Binding of the DNA-dependent protein kinase catalytic subunit to Holliday junctions

DNA-PK (DNA-dependent protein kinase) is a double-strand break sensor involved in DNA repair and signal transduction. In the present study, we constructed site-directed cross-linking probes to explore the range of DNA discontinuities that are recognized by DNA-PKCS (DNA-PK catalytic subunit). A comparison between different substrate architectures showed that DNA-PKCS associates preferentially with the crossover region of synthetic Holliday junctions.

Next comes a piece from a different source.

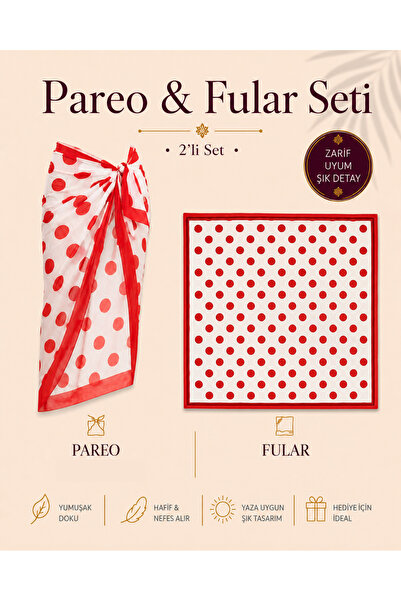 tarzınısec Choose Your Style Premium Red Polka Dot 2-Piece Slit Tie-Up Pareo ...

This interaction with four-way junctions was preserved when biotin-streptavidin complexes were assembled at the termini to exclude the binding of Ku proteins. The association of DNA-PKCS with Holliday junctions was salt-labile even in the presence of Ku proteins, but this interaction could be stabilized when the DNA probes were incubated with the endogenous enzyme in nuclear extracts of human cells. Cross-linking of the endogenous enzyme in cellular extracts also demonstrated that DNA-PKCS binds to DNA ends and four-way junctions with similar affinities in the context of a nuclear protein environment. Kinase assays using p53 proteins as a substrate showed that, in association with four-way structures, DNA-PKCS adopts an active conformation different from that in the complex with linear DNA. Our results are consistent with a structure-specific, but Ku- and DNA end-independent, recruitment of DNA-PKCS to Holliday junction intermediates. This observation suggests an unexpected functional link between the two main pathways that are responsible for the repair of DNA double-strand breaks in mammalian cells.